**TASK DESCRIPTION:** Each line holding the word "view" must appear in the answer, copied from the entries.

**SOURCE MATERIAL:**
§
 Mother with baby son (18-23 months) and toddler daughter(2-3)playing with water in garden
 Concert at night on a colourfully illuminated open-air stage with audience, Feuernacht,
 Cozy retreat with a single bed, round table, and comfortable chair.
§
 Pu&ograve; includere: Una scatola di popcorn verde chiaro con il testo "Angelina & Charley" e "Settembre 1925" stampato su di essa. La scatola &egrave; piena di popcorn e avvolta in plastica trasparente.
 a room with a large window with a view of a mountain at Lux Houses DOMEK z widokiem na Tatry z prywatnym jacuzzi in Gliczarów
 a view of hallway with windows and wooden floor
§
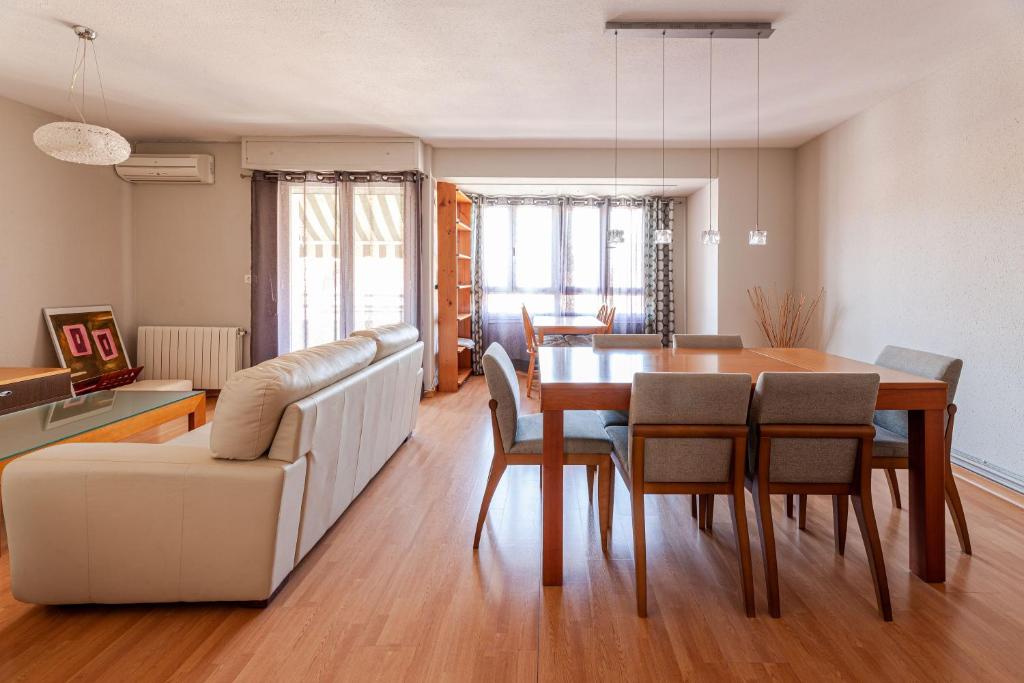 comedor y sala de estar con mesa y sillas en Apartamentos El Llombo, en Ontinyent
§
**EXERCISE ANSWER:**
 a room with a large window with a view of a mountain at Lux Houses DOMEK z widokiem na Tatry z prywatnym jacuzzi in Gliczarów
 a view of hallway with windows and wooden floor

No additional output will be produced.